Mobile operator AT&T has announced it will be acquiring a broad collection of 700 MHz spectrum licenses from Qualcomm for a total of $1.925 billion in a bid to expand its capability to offer 4G mobile broadband services. The spectrum licenses cover more than 300 million people across the United States, including more than 70 million people in five of the top 15 U.S. metropolitan areas: San Francisco, New York, Boston, Los Angeles, and Philadelphia.
AT&T says it plans to employ the spectrum to deploy supplemental downlink capabilities using carrier aggregation technologies as soon as compatible network equipment and handsets are available. Qualcomm is working to integrate the appropriate technologies into its chipsets. Although it will be some time before AT&T can leverage the additional mobile bandwidth capabilities offered by the new spectrum licenses, the licenses should help AT&T keep up with the likes of Verizon Wireless—particularly if Verizon manages to get its own version of the Apple iPhone. AT&T is currently the exclusive carrier of the iPhone in the United States, and many customers in key areas like New York and San Francisco have complained bitterly about AT&T service.

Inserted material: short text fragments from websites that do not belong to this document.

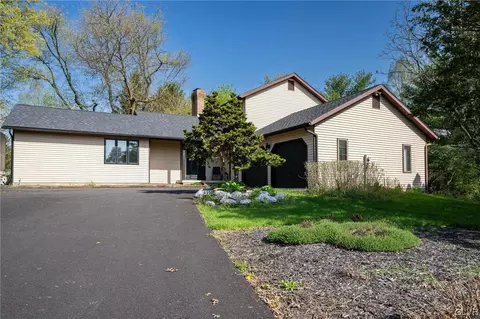 4510 Peters Ave, Orefield, PA 18069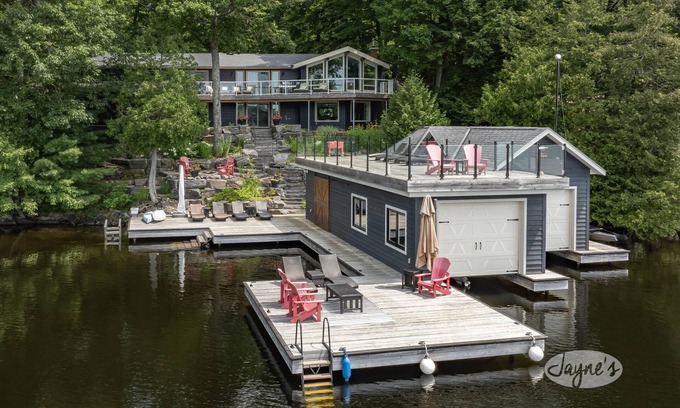 Bala Cottage | 5 bed 3 bath cottage on Lake Muskoka, SW Exposure, Sunsets!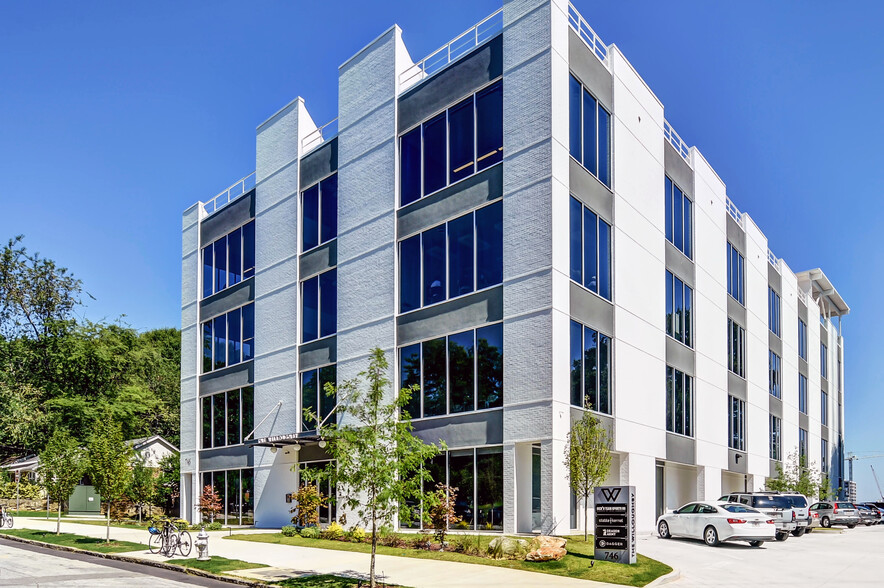 746 Willoughby Way NE, Atlanta, GA for lease - Building Photo - Image 1 of 17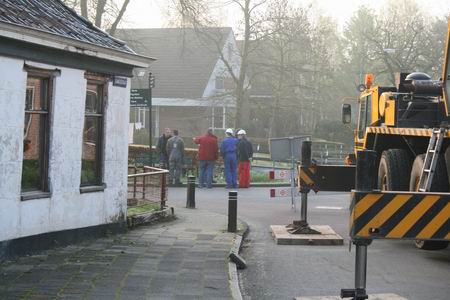 resize-of-20090415_96951 Vrijwillige molenaars, vaklui van Jellema Molenbouw, een Vrieswijk-kraanmachinist en gemeenteman Harm Eding: de warming-up is begonnen...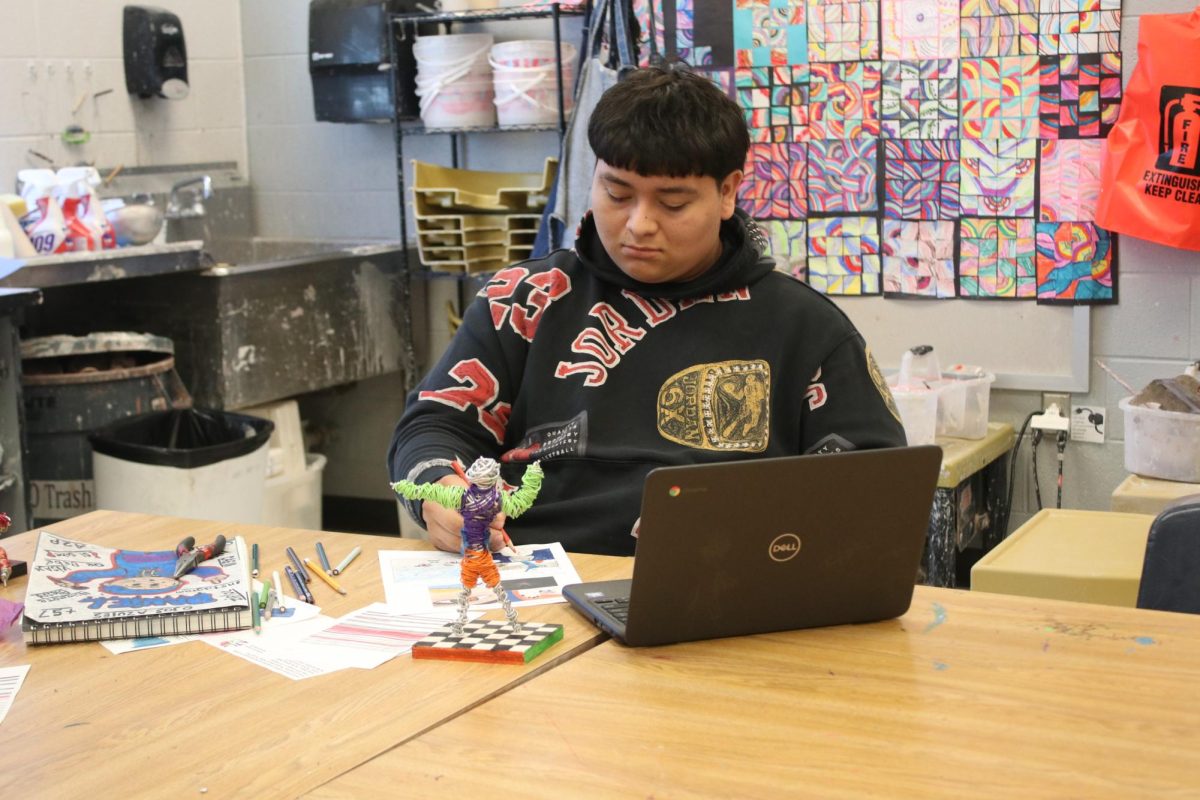 Student reaserching art projects in art class.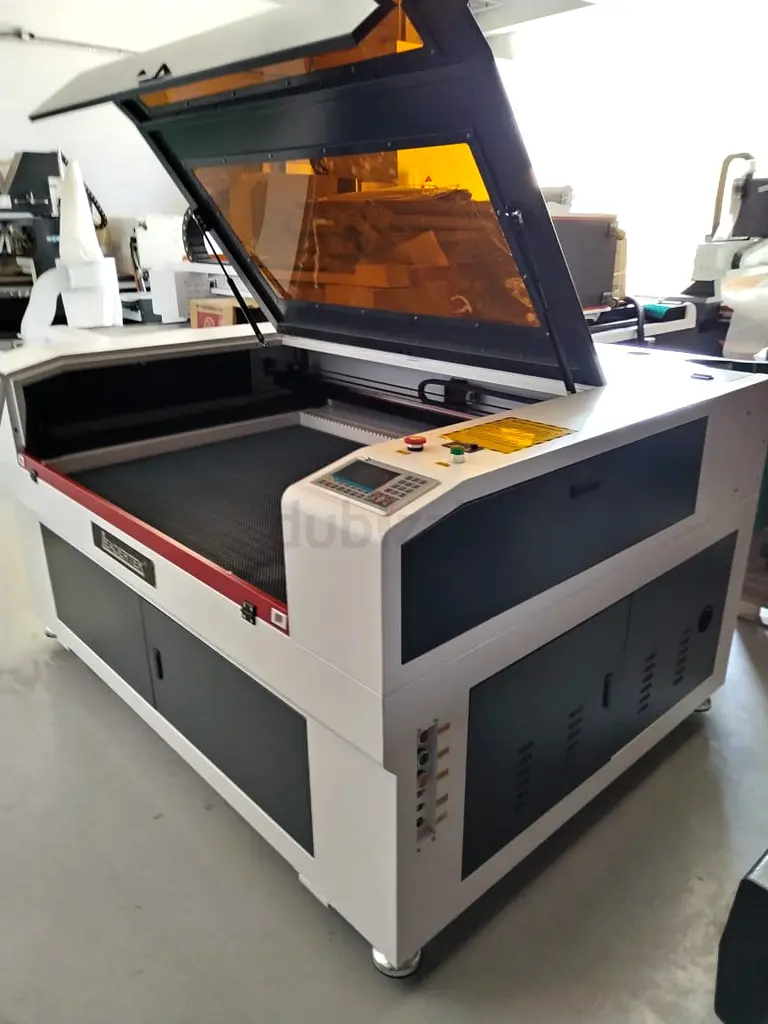 ACo2 laser machine for sale63257633560193114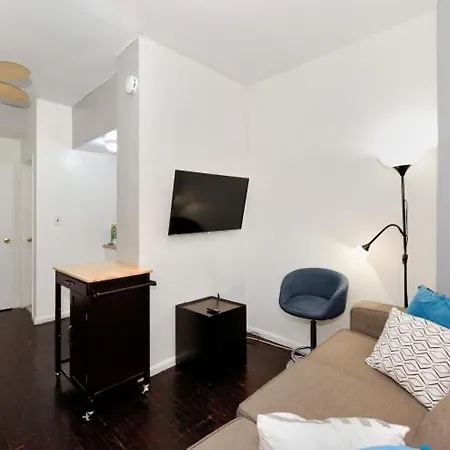Monthly Nyc Rentals- Gorgeous 2 Bedroom Apartment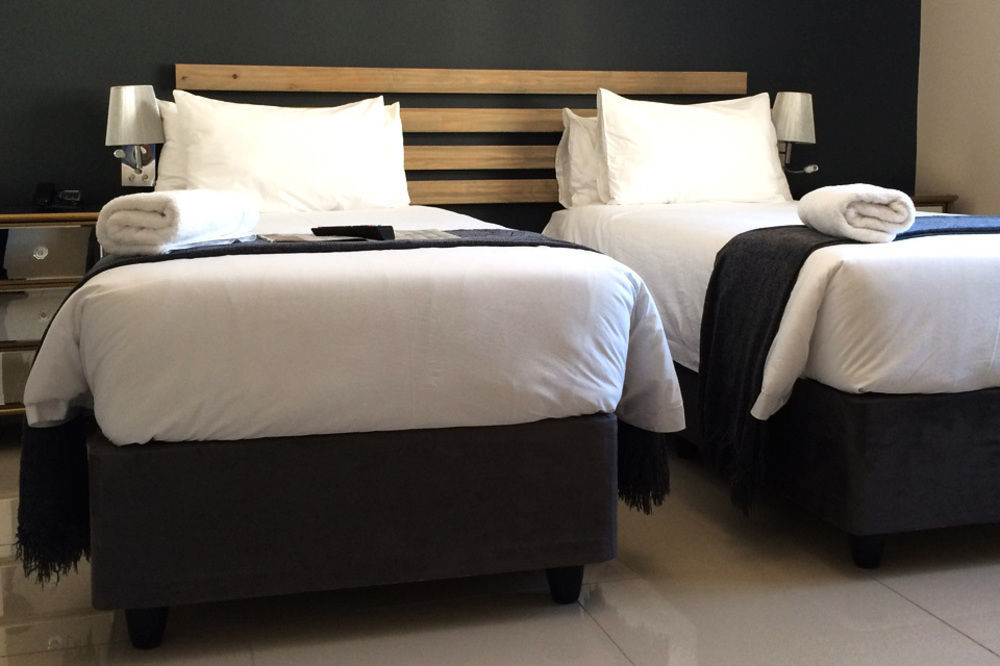 New National Hotel And Conference Parow Ngoại thất bức ảnh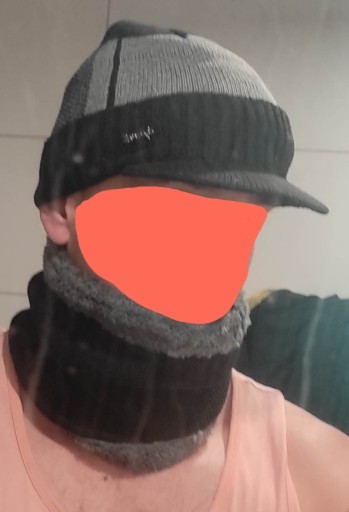 Zdjęcie oferty: Komplet czapka z daszkiem plus komin ciepłe na zimę prezent Poznań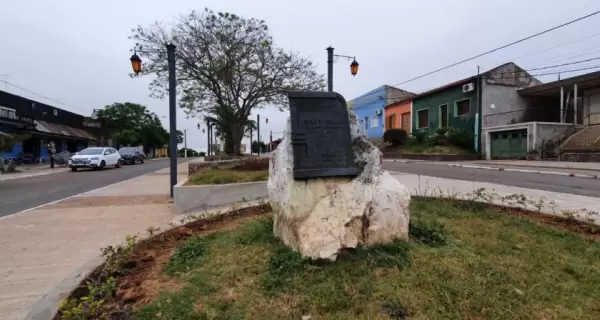 El propio pueblo de Minas de Corrales funciona como una excursi�n hist�rica.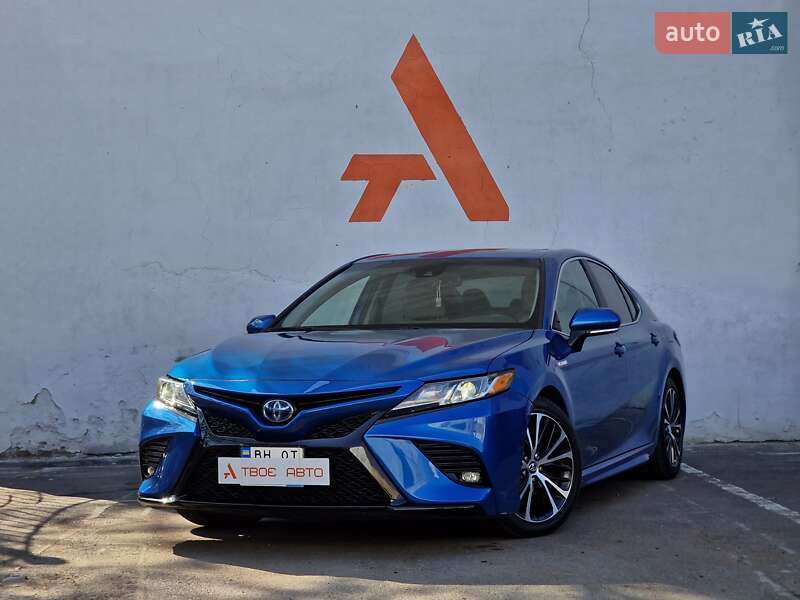 Седан Toyota Camry 2019 в Одесі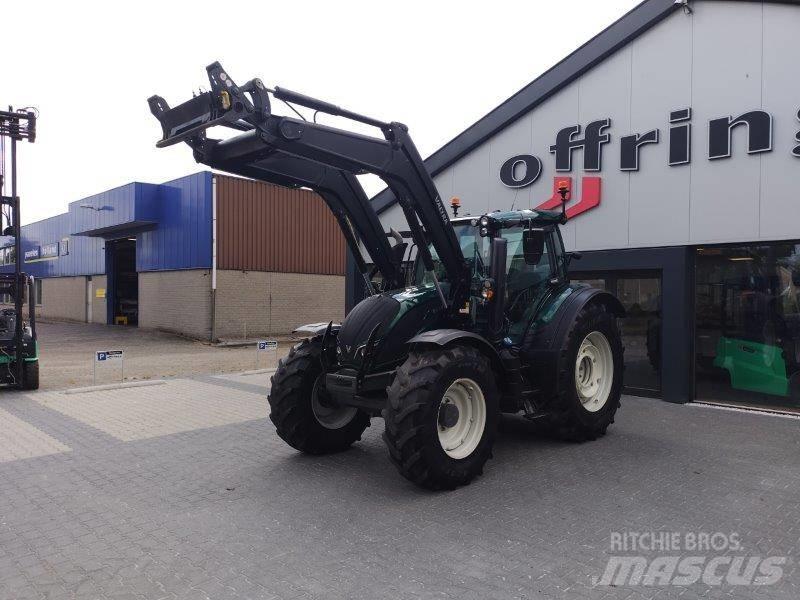Valtra N134 A Traktoren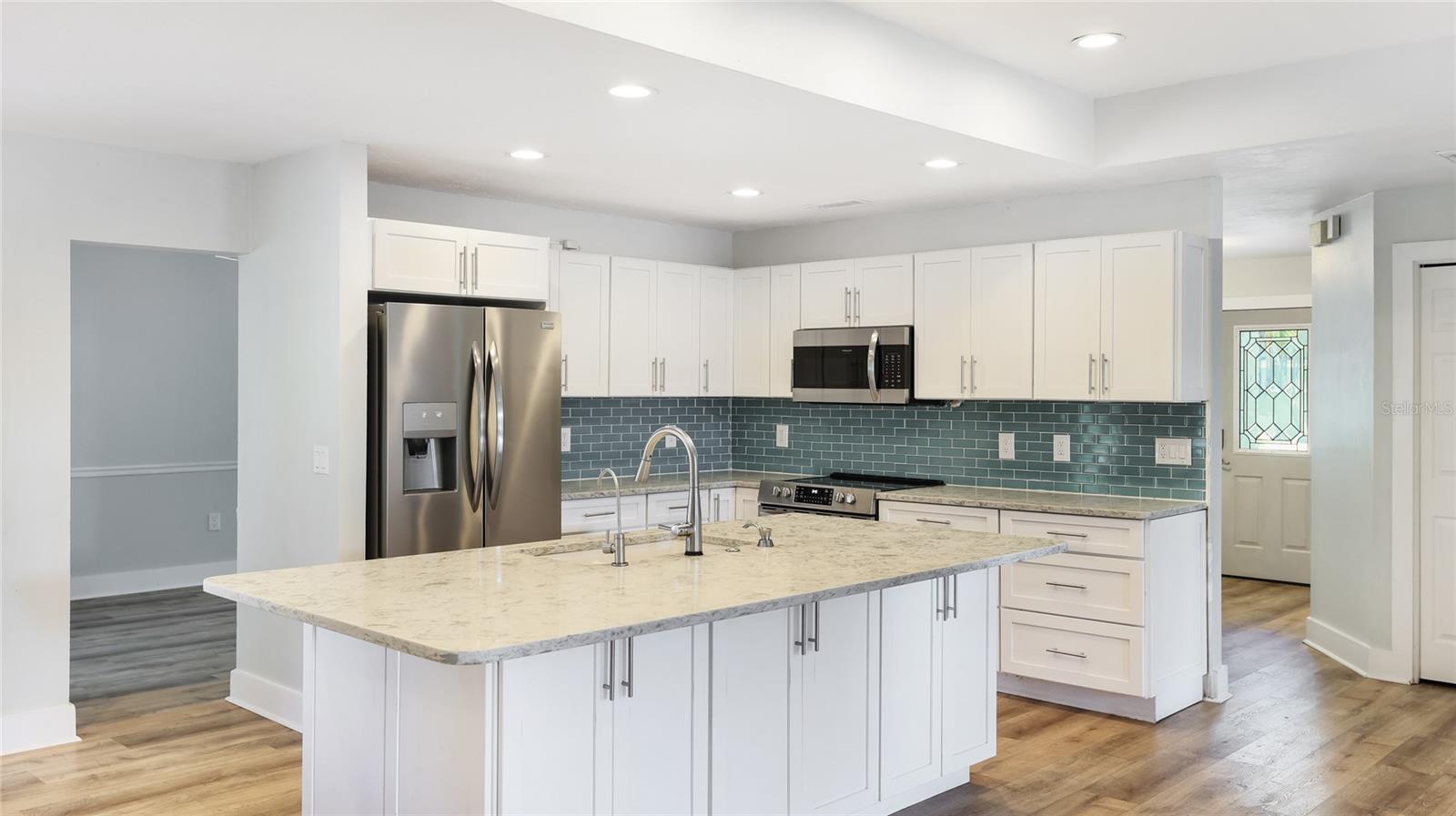 Image 12 of 41 For 891 Faulkwood Court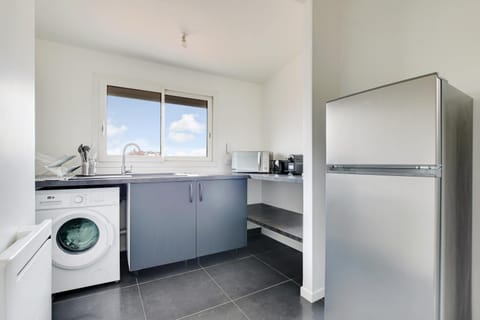 Kitchen or kitchenette, washing machine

Qualcomm had been using the lower 700 MHz frequencies to support its FLO TV mobile television service; however, FLO TV never really took off with consumers and Qualcomm announced plans to shut down the service in early 2011. The 700 MHz spectrum space was vacated by broadcast television when the U.S. converted to digital television broadcast; the spectrum is considered crucial to mobile broadband technologies, in part because it can better penetrate buildings than other higher-frequency technologies.
The move is AT&T’s second major spectrum license purchase in the 700MHz band: in 2007, it purchased 700 MHz licenses from Aloha Partners for about $2.5 billion in cash, in a move designed to sidestep dependence on the FCC’s then-pending 700 MHz spectrum auction.
The companies expect the deal to close in the second calendar quarter of 2011, pending regulatory approval.